Documenting the Modern Day Data Warehouse

Documenting the Modern Day Data Warehouse

Engaging Data Explains:

Documenting The Modern Day Data Warehouse


When you’re operating a modern-day data warehouse, documentation is simply part of the job. But it’s not necessarily the easiest or most logistically straightforward part of the process, while also being important. Documentation is, in fact, invaluable to the continued development, expansion, and enhancement of a data warehouse. It’s therefore important to understand everything that is entailed in adequately documenting, in order to ensure that your data warehouse processes run smoothly.

Understanding your Audience

One of the first things to understand is who you are compiling the documentation for. Support, developers, data visualisation experts, and business users could all be possible recipients. Before you answer this question, you really need to fully understand the way that your organisation operates, and open the lines of communication with the appropriate departments.

A two-way dialogue will be productive in this ongoing process. This process of communication will then help ensure that you keep the documents in line with the design. This is vitally important, as any conflicts here can render the whole process less than constructive than is ideal.

And it’s especially vital considering how fast documentation moves nowadays. Everything has gone online, and is based on Wiki. Whether it’s Confluence, SharePoint, or Teams, all sorts of Wiki documents are being produced by businesses with the intention of sharing important information. These shareable documents are updated with increasing regularity, meaning it is important to get your strategy in place before beginning.

Different approaches to data warehouse design can also impact the amount of time that a document is live before being updated. If you are lucky enough to make weekly changes to your data warehouse, you will be making incremental changes to the documentation itself. Development teams spend hours on updating the documentation rather than doing what they are good at….developing data solutions! Naturally, minimising this where possible is always preferable. 

Self-Service Business Intelligence

Documentation is also crucial in self-service business intelligence.
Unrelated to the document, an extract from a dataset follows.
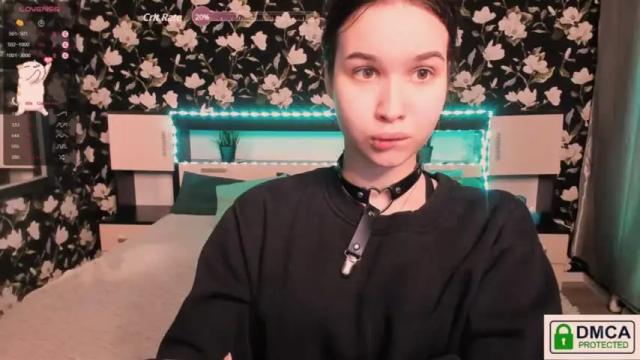 Image 11 of roxiemils Stream on Chaturbate on 17 months ago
The integration of private and local data in this area, into existing reports, analyses or data models, requires accurate documentation. Data can be drawn in this area from Excel documents, flat files, or a variety of external sources.

By creating self-service functionality, business users can quickly integrate data into what can often be vital reports. Local data can even be used to extend the information delivered by data warehousing, which will limit the workload that is inevitably incumbent on data management. The pressure on business intelligence can be quite intense, so anything that lessens the load is certainly to be welcomed.

Another important aspect of documentation is that it reduces the number of questions that are typically directed at the IT and data warehousing teams. One thing anyone that works in IT knows only too intimately is the vast amount of pressure that can be heaped upon them by both internal and external enquiries. Again, anything that reduces this will certainly be favourable.

The data warehouse team also has huge responsibility within any organisation. They are required to produce a vast amount of information for front-end business users, and getting documentation right can certainly assist with this process.

Importance of Transparency

One important aspect of documentation that can sometimes be overlooked is the importance of transparency. This works on every level of an organisation, with the importance of sharing everything related to documents absolutely vital. Once this level of transparency is implemented, people who understand the data deeply can improve the documentation, or suggest changes to the Extract, Transform, and Load (ETL) and Extract, Load, and Transform (ELT), if this is indeed deemed necessary.

Conversely, it’s also important to understand that not all technology is suitable for documentation. As much as businesses and organisations would love this process to be completely holistic, this is not always possible.

Thus, packages such as Power BI, QlikView and QlikSense, and even Microsoft’s trusty Excel, are not necessarily ready to be documented. These software packages can use data, but often do not have the ability to provide a document set that explain how the data is being used, and for what purpose. Recently, Power BI has taken steps to ensure that the app can help with data lineage, but this remains better suited to IT teams, as opposed to Business Users.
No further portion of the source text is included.